PROBLEM DETAILS :: Skip the images; return every entry exactly.

RECORDS TO USE ::
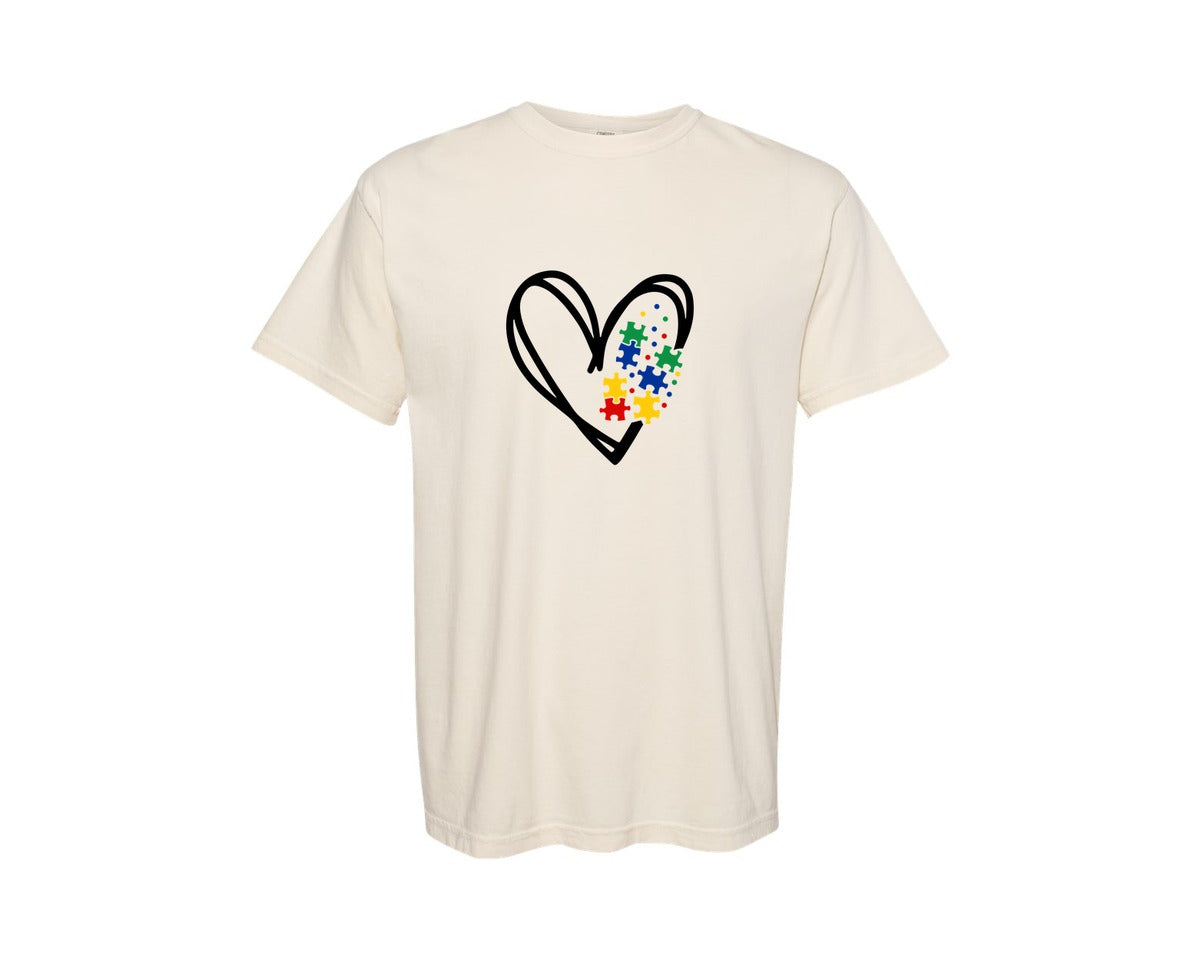 brand:Comfort Colors|color:Ivory|Autism Heart Autism Puzzle Graphic T-Shirt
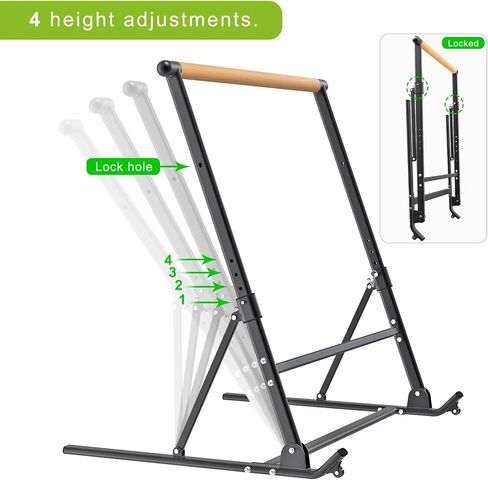 SELEWARE Freestanding Ballet Barre System Height Adjustable Dance Bar, Foldable Portable Dance Workout Equipment with Anti-Slip Base, 4-Height Settings, Smooth Wood & Durable Steel Construction in Saudi Arabia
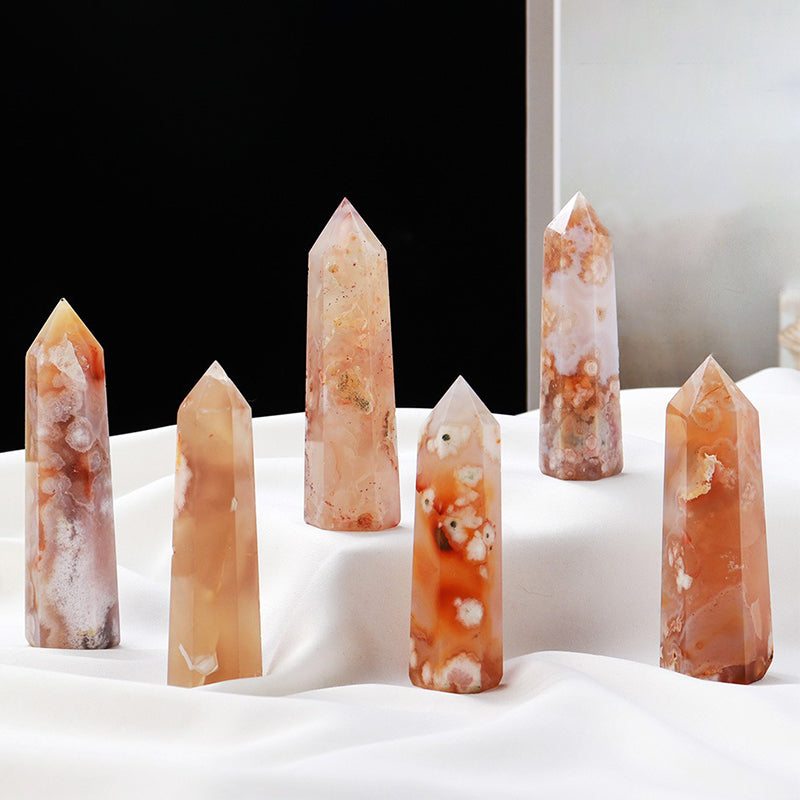 Cherry Blossom Agate Tower - Embrace Friendliness, Love and Balance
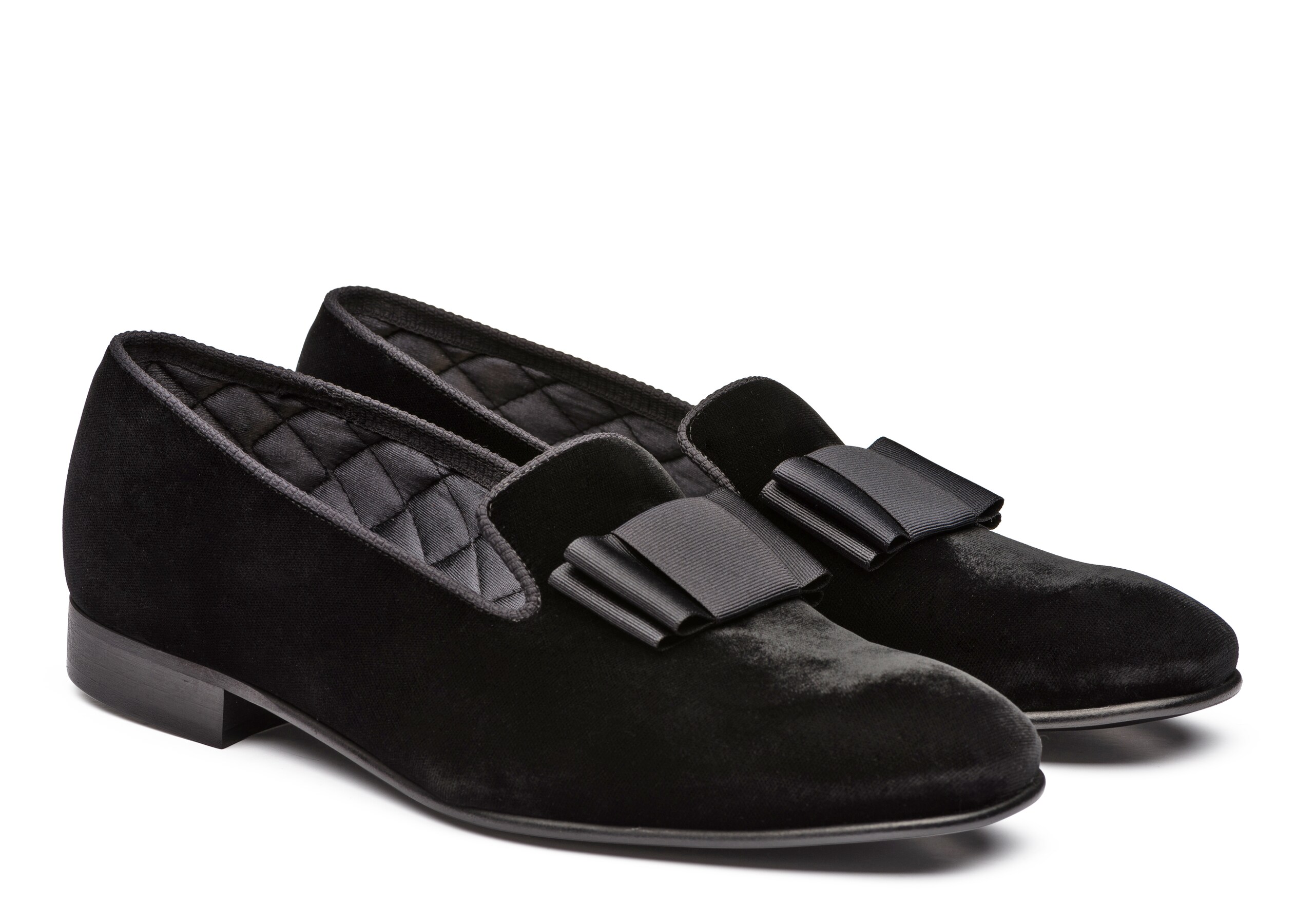 Suecomma Bonnie Ribbon Velvet Platform Loafer in Black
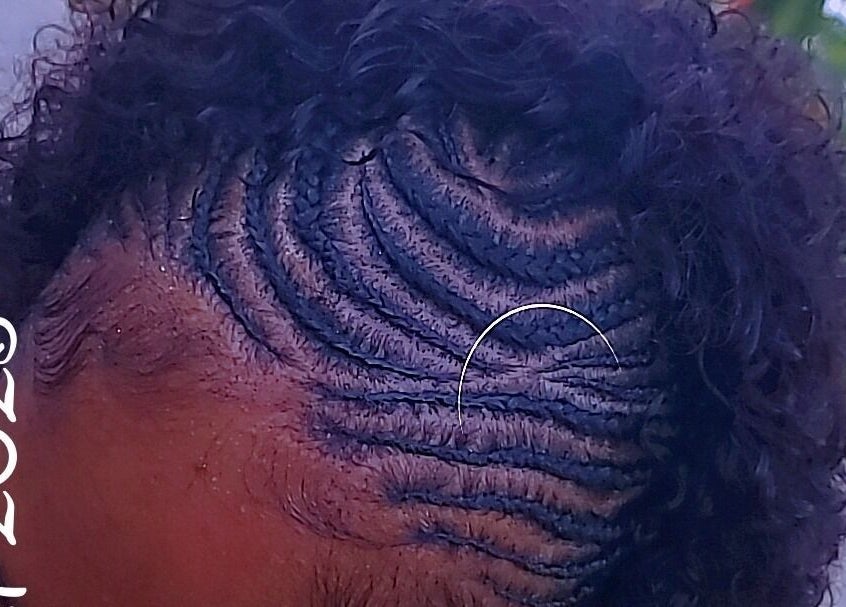 Intricate cornrow braids at Beauty by Nicole, Grange Hill, Westmoreland Parish, JM.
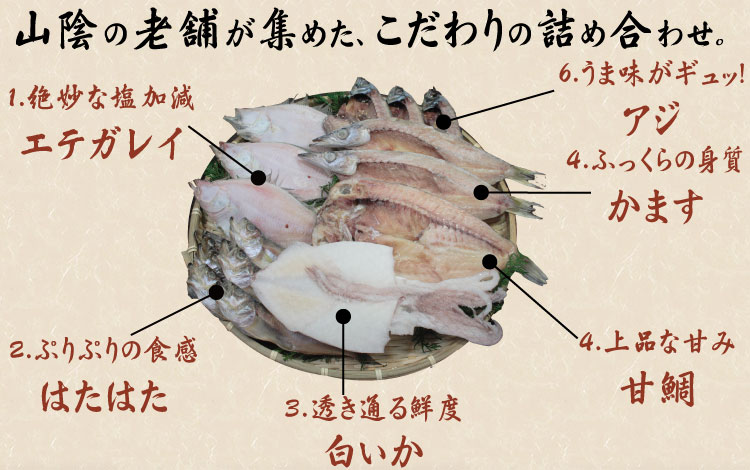 エテガレイ、甘鯛、ハタハタ、アジ、白イカの詰め合わせ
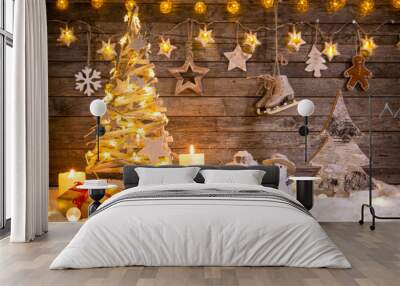 Christmas decoration on wooden background Wall mural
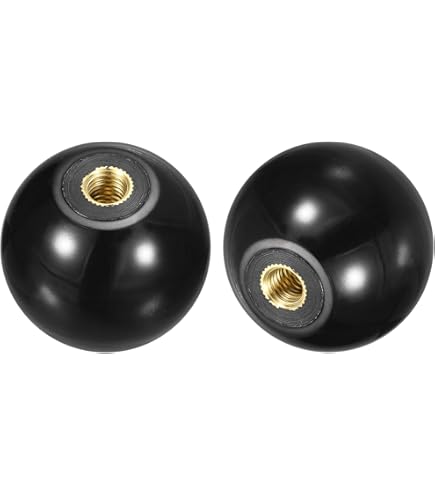 M10 Female Threaded Ball Knob, 5Pcs 35mm Engineering Plastic Ball Lever Knob Lathe Tractor Machine Handle Replacement Universal Ball Knob Screw In Knobs Round Knob Easy Press Black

EXPECTED ANSWER ::
 brand:Comfort Colors|color:Ivory|Autism Heart Autism Puzzle Graphic T-Shirt
 SELEWARE Freestanding Ballet Barre System Height Adjustable Dance Bar, Foldable Portable Dance Workout Equipment with Anti-Slip Base, 4-Height Settings, Smooth Wood & Durable Steel Construction in Saudi Arabia
 Cherry Blossom Agate Tower - Embrace Friendliness, Love and Balance
 Suecomma Bonnie Ribbon Velvet Platform Loafer in Black
 Intricate cornrow braids at Beauty by Nicole, Grange Hill, Westmoreland Parish, JM.
 エテガレイ、甘鯛、ハタハタ、アジ、白イカの詰め合わせ
 Christmas decoration on wooden background Wall mural
 M10 Female Threaded Ball Knob, 5Pcs 35mm Engineering Plastic Ball Lever Knob Lathe Tractor Machine Handle Replacement Universal Ball Knob Screw In Knobs Round Knob Easy Press Black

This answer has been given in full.